An ongoing COVID-19 challenge trial at Imperial College London, in which participants have been exposed to the Delta SARS-CoV-2 variant, has also encountered problems with infecting participants reliably, says Christopher Chiu, an immunologist and infectious-disease physician at Imperial who is leading that trial and was involved in the other challenge trials. Some participants have experienced infections, but probably not enough for a study testing whether a vaccine works, adds Chiu.
“We need a challenge strain that’s more representative of what’s circulating in the community,” says Anna Durbin, a vaccine scientist at Johns Hopkins University School of Medicine in Baltimore, Maryland, who was a member of the board that oversaw the safety of the latest ‘reinfection’ trial.
Viral strains used in challenge trials are produced under stringent conditions, a process that can take six months or longer, say scientists, making it impossible to match circulating variants perfectly. McShane and Chiu are readying a challenge trial using the BA.5 Omicron subvariant that emerged in 2022.
Raising doses
Researchers are looking at other ways to give people COVID-19. Jackson says that an even higher SARS-CoV-2 dose might be needed — one similar to doses used in influenza challenge trials, in which participants have substantial immunity. Another method could be giving participants multiple doses.
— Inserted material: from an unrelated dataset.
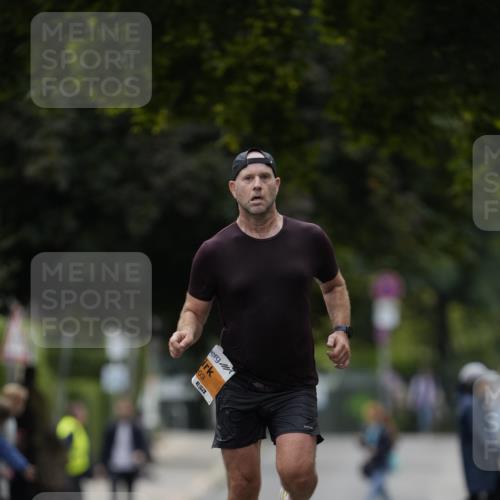 30.08.2026 - Blankeneser Heldenlauf Patografie http://msf.ph/oto/10087647 30.08.2026 11:31:47 Ziel 2203 meine-sportfotos.de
Chiu says that his team is exploring the possibility of screening potential participants to identify those with low levels of immune protection against the BA.5 variant and any future challenge strains.
Chiu is leading a consortium that in March was awarded US$57 million by the European Union and CEPI, the Coalition for Epidemic Preparedness Innovations in Oslo, to use challenge trials to test inhaled and intranasal COVID-19 vaccines that might also block transmission. He’s hopeful that such changes to trial protocols will do the trick. “What you really want is a model that replicates a genuine infection and ideally one that cause some symptoms,” he adds.
Zimmer-Harwood, who also works for a non-profit organization that advocates for challenge trials and their participants, says he would welcome changes that make COVID-19 challenge trials more useful to researchers — even if that means a bit less time on the bicycle trainer.